-- Task objective --
Each line from the one with "江西分宜：串串风铃映街巷 满城清新入画来（图）" through the last line of the material is to be printed exactly; no other line and no picture belongs in the copy.

-- Supplied information --
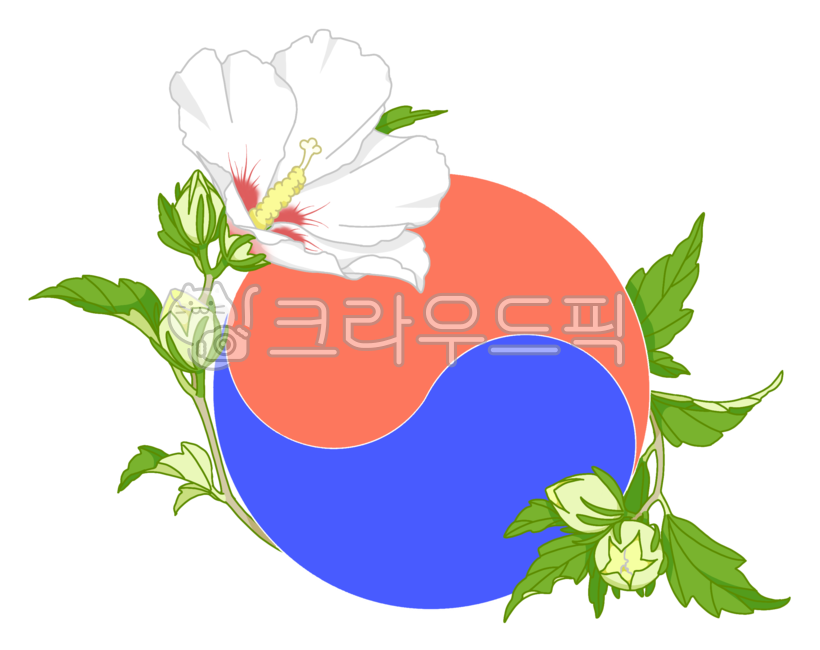 Nukki,Hangul Day,Constitution Day,Independence Movement Day,flower branch,national holiday,Liberation Day,Memorial Day,flower,Rose of Sharon flower,White Rose of Sharon,korea,plant,Rose of Sharon,illustration,Taegeuk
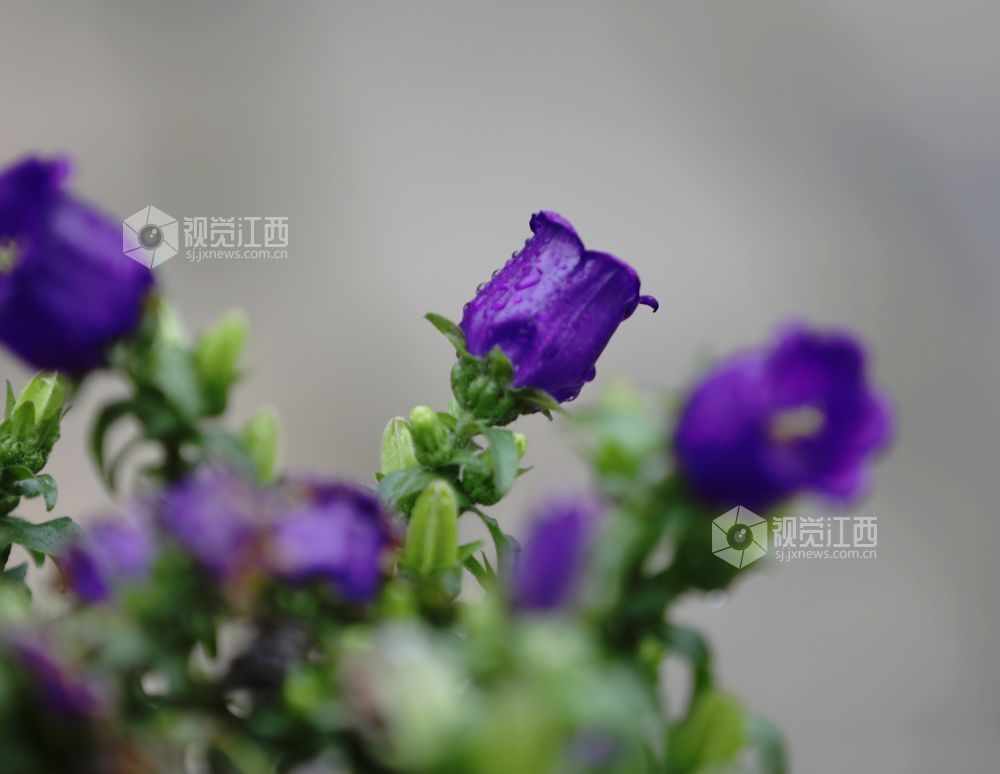 江西分宜：串串风铃映街巷 满城清新入画来（图）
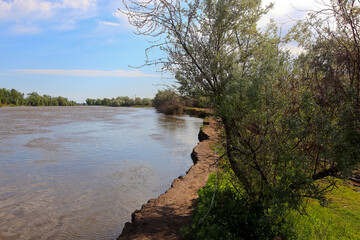 Beautiful landscape in the Volga Delta. Astrakhan. Astrakhan region. Russia. Spill on the river.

-- Output for this exercise --
 江西分宜：串串风铃映街巷 满城清新入画来（图）
 Beautiful landscape in the Volga Delta. Astrakhan. Astrakhan region. Russia. Spill on the river.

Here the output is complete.